Area terms in entanglement entropy

TL;DR

This work demonstrates that universal area terms in entanglement entropy can be robustly defined in flat-space QFT by mutual information regularization, and that Rosenhaus-Smolkin's first-law approach is equivalent to the Adler-Zee expression for renormalization of the Newton constant when evaluated with the correct stress-tensor and modular-Hamiltonian structure. It clarifies how ambiguities from stress-tensor improvement, boundary terms, and contact terms affect the calculations, and provides explicit results for free fields (scalars and fermions) as well as insights for interacting theories via the $O(N)$ model and holographic comparisons.
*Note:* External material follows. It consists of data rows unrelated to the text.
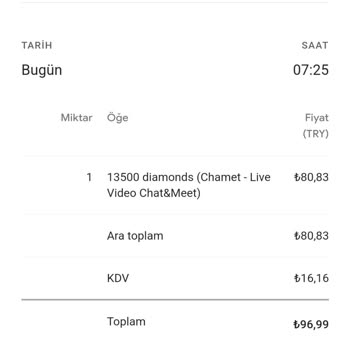 Chamet Uygulaması Parayı Aldı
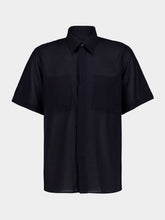 Ami Paris Navy Cotton Short Sleeve Shirt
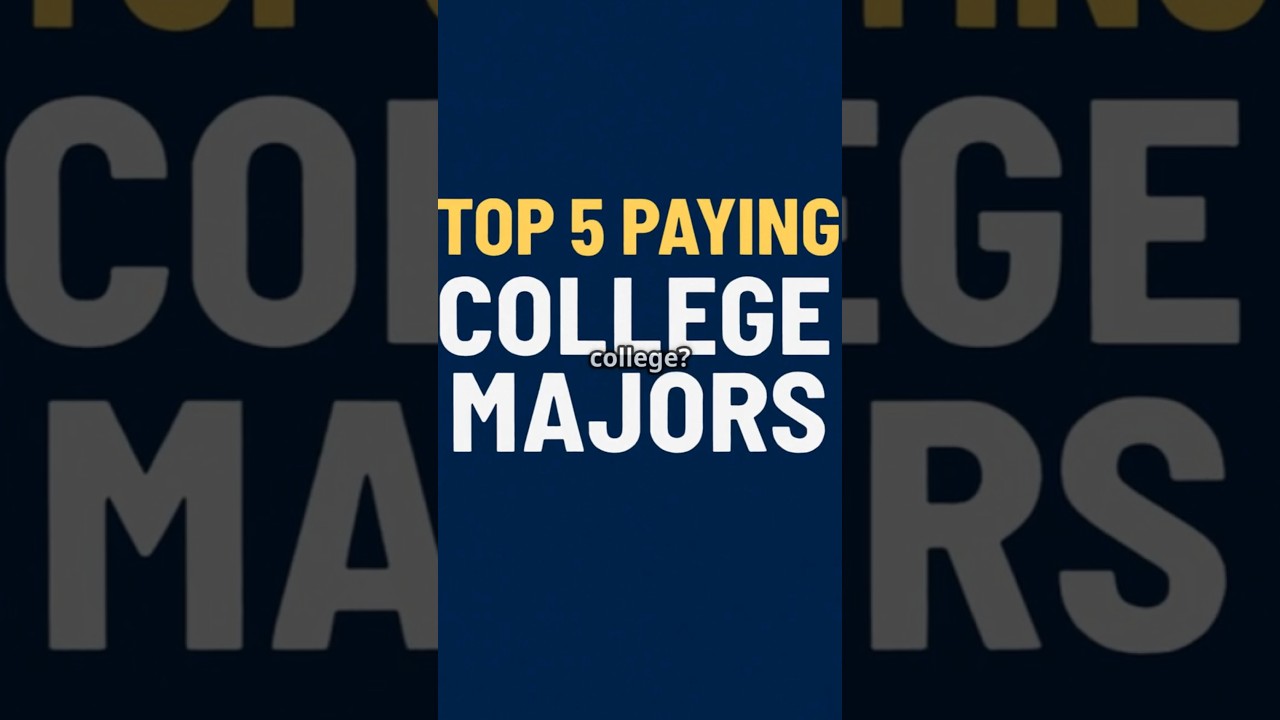 Top 5 College Majors That Make The Most Money 💸🎓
The paper connects area-term running to c-theorems in two and three dimensions, illustrating how universal terms constrain RG flows and the F-theorem, and discusses how these universal quantities inform holographic entropy computations and gravity's role in entanglement. Overall, it establishes a coherent, regulator-independent picture of area terms in EE, highlighting the interplay between quantum field theory in flat space and gravitational renormalization, with implications for holography and quantum information approaches to many-body physics.

Abstract

We discuss area terms in entanglement entropy and show that a recent formula by Rosenhaus and Smolkin is equivalent to the term involving a correlator of traces of the stress tensor in Adler-Zee formula for the renormalization of the Newton constant. We elaborate on how to fix the ambiguities in these formulas: Improving terms for the stress tensor of free fields, boundary terms in the modular Hamiltonian, and contact terms in the Euclidean correlation functions. We make computations for free fields and show how to apply these calculations to understand some results for interacting theories which have been studied in the literature. We also discuss an application to the F-theorem.